With that in mind, let's hit some highlights.
Bateson is well known for the concept of the double bind, in which someone faces two unsatisfactory and mutually reinforcing alternatives. In "Toward a theory of schizophrenia" (1956, authored by Bateson and colleagues), they theorize the double bind ("a situation in which no matter what a person does, he 'can't win,'" p.201) as a way to explain how schizophrenia develops. In "The group dynamics of schizophrenia" (1960, with colleagues), they add that the double blind is "a paradigm for human relations. Indeed, this sort of dilemma is not rare and it is not confined to the contexts of schizophrenia" (p.238). And in "Double bind" (1969, at a symposium on the double bind), he clarifies that "Double bind theory asserts that there is an experiential component in the determination or etiology of schizophrenic symptoms and related behavioral patterns, such as humor, art, poetry, etc. Notably the theory does not distinguish between these subspecialties" (p.272). (Here Bateson emphasizes the role of feedback loops, trial-and-error, and comparison in understanding systemic change (p.274), elements that John Boyd would later pick up for his OODA framework.) Bateson concludes that "if this pathology can be warded off or resisted, the total experience may promote creativity" (p.278).
The themes of feedback loops and trial-and-error also run through other chapters. For instance, in "The logical categories of learning and communication" (1964), Bateson argues that "all learning ... is to some degree stochastic (i.e., contains components of 'trial and error')" and develops "an hierarchic classification of the types of error which are to be corrected in the various learning processes" (p.287):
Zero learning: "the immediate base of all these acts ... not subject to correction by trial and error"

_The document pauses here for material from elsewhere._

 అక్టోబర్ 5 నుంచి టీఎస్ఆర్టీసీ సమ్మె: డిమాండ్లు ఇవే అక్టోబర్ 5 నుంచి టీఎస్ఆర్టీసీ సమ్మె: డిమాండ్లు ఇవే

Learning I: "the revision of choice within an unchanged set of alternatives"
Learning II: "the revision of the set from which the choice is to be made" (p.287)
"...and so on," Bateson adds, emphasizing that the classifications can become more meta. Learning II is "learning to learn" (p.294) and "a way of punctuating events" (p.300).
Learning III "is likely to be difficult and rare even in human beings" but, Bateson says, "something of the sort does from time to time occur in psychotherapy, religious conversion, and in other sequences in which there is profound reorganization of character" (p.301). "If Learning II is a learning of the contexts of Learning I, then Learning III should be a learning of the contexts of those contexts" (p.304).
This insight leads us to Part III of the book, in which Bateson becomes interested in developing a theory of context—one in which a given utterance or action is part of a context, not a product or effect. Here is where Bateson draws on the concept of "ecology" in the book's title, in which relationships come to the fore and the phenomena with which Bateson has been concerned "become part of the ecology of ideas in systems of 'minds' whose boundaries no longer coincide with the skins of the participant individuals" (p.339). It is in this section, in "Form, substance, and difference," that Bateson gives us the illustration of the blind man and the stick (see my review of A Thousand Plateaus for an extended quote, which I won't reproduce here). Bateson also argues here that separating intellect from emotion, and mind from body, is "monstrous" (p.470).
This book really is a must-read for those of us who are thinking through thought, cognition, and social systems. It's a lot to assimilate, as any book that summarizes an entire life's worth of thought should be. But it's still (generally) accessible and rewarding. Pick it up.